The TV is on, and the boy is sitting in an easy chair. His father is rocking in his favorite rocking chair. Ruthanne races down the hall from the kitchen.
“Hey! You were supposed to be in the bath!”
She ignores their father and keeps running.
“Get back here now!”
She comes back into the room, face flushed.
“Can you just go get in the bath, please?”
She shakes her head. “I’m playing. I don’t wanna get ready for bed.”
“I know, but it’s time to wind down.”
She stamps her feet, turns to head off, then whirls back and audibly grinds her teeth at their dad.
Dad has been smiling, but now his face changes.
“Come here right now.”
She comes over, and the boy squirms. His dad is the mild parent, the one you ask when you really want something, the one who reads you Tom Sawyer when you are scared at night.

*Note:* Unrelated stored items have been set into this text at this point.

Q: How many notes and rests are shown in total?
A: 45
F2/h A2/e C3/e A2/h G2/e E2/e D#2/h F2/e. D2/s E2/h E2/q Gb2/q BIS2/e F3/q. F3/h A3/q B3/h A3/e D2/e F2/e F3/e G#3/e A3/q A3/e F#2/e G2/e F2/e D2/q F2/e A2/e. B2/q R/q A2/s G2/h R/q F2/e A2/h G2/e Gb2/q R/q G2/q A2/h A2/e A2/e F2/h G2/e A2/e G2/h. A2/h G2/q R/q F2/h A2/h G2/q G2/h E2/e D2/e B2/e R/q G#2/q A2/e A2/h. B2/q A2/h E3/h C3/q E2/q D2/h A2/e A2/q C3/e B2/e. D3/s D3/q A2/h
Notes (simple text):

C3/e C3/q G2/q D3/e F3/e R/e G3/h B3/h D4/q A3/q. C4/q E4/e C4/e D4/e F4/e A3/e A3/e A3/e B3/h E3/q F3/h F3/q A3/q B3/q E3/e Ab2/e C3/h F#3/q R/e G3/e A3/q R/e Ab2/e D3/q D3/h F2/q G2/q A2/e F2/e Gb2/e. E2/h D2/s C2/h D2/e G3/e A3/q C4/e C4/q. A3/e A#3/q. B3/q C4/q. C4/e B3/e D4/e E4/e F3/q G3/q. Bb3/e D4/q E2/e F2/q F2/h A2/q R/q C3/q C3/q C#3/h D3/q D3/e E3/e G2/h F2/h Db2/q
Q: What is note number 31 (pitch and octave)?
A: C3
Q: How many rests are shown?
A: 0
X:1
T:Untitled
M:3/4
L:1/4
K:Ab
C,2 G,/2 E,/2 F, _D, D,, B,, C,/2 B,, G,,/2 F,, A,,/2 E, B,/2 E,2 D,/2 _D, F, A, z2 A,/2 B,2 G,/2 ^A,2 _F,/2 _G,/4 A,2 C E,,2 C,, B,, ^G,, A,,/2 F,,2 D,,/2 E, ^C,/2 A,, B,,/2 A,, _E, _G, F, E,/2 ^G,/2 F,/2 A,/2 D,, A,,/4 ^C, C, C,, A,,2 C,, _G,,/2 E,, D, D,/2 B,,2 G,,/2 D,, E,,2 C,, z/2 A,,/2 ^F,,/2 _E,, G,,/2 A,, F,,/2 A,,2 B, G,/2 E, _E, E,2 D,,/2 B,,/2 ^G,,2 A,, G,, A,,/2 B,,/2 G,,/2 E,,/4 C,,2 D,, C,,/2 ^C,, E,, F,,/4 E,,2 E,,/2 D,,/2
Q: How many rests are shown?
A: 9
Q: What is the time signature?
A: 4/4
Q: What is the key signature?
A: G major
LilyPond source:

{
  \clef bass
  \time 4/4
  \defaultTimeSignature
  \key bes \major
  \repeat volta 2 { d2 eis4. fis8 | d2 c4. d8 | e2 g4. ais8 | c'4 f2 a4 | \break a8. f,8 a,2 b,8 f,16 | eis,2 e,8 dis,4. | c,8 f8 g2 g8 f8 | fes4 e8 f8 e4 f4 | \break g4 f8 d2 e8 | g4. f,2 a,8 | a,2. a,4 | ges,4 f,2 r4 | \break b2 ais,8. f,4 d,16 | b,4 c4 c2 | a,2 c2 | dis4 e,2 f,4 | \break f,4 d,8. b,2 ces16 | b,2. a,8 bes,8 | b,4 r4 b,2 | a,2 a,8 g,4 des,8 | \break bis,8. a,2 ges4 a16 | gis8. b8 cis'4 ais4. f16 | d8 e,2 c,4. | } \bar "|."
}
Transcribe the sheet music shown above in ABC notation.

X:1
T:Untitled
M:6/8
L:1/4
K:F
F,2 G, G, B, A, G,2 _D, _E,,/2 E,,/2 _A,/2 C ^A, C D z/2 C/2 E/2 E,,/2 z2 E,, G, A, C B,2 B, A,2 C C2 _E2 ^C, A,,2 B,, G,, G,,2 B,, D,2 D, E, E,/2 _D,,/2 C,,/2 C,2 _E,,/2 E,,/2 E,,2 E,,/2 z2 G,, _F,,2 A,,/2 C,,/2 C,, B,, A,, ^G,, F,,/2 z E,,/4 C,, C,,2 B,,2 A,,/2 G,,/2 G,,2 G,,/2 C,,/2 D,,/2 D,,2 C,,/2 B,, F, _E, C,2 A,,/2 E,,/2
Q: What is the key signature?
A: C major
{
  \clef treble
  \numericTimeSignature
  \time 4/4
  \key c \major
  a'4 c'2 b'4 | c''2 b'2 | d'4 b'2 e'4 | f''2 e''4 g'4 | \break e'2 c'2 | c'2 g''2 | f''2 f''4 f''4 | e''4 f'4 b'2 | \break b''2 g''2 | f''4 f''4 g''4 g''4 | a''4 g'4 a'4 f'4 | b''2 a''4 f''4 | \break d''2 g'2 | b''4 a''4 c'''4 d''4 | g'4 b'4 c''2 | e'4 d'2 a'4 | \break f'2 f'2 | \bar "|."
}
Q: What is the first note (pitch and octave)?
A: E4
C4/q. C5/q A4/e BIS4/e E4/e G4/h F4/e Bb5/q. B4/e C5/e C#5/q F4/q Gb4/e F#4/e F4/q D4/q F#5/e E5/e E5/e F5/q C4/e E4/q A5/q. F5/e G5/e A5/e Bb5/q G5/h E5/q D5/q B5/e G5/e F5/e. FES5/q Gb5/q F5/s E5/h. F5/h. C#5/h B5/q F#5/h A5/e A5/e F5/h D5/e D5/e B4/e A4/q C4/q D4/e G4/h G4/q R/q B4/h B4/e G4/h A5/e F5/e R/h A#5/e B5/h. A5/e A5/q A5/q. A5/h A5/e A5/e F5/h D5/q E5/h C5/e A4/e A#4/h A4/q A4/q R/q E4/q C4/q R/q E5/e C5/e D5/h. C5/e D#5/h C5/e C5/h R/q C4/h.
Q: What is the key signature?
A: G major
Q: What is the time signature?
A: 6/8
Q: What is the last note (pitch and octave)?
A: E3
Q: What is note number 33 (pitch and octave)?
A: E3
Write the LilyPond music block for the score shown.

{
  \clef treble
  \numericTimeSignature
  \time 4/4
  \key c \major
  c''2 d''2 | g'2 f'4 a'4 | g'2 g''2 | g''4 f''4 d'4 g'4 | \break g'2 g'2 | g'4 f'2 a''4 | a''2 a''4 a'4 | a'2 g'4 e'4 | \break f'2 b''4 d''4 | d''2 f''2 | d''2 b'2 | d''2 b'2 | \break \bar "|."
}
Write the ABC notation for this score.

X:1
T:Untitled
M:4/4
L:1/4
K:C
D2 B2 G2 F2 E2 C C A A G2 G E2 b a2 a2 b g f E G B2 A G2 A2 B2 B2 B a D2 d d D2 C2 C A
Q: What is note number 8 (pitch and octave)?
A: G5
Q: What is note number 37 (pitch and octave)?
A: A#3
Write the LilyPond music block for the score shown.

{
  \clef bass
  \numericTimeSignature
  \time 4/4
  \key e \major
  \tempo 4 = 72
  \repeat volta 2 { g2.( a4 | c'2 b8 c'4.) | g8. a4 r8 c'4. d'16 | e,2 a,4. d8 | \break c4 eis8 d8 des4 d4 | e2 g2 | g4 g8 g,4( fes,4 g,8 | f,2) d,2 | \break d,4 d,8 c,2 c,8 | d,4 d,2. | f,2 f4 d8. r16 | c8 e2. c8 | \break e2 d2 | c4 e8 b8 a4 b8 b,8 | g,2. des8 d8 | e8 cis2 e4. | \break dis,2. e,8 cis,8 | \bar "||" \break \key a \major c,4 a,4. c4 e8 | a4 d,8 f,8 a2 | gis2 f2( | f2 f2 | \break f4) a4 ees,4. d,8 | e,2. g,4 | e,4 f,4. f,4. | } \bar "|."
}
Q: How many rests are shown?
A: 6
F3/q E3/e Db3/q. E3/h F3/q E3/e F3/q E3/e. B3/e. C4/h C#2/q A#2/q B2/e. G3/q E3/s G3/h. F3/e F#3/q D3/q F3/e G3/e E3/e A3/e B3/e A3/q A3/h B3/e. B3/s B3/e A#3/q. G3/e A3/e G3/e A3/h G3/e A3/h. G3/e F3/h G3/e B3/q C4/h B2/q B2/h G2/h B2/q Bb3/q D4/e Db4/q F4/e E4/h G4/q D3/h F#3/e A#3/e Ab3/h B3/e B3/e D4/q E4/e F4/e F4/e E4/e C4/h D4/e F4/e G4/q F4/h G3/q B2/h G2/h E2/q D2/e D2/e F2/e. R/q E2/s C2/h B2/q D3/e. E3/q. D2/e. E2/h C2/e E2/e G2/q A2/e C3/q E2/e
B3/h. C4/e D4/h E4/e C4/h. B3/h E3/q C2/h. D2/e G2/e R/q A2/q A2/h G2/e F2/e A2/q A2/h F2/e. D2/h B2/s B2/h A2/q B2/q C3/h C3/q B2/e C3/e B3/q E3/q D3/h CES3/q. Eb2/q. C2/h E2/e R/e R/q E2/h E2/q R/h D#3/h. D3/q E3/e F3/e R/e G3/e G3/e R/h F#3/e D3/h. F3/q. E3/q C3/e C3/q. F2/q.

“Don’t you act like that with me.”
He “slaps” her on the left cheek. It’s really more of a pat—no way it could have hurt.Ruthanne bursts into tears and storms off. The boy stares at the TV, wiggling uncomfortably until he realizes that his father looking at him, smiling.
“What’s the matter, Son?”
He shrugs. His father smiles broadly and winks.
“Don’t you know that one of the greatest joys in life is having your children tell you how much they hate you?”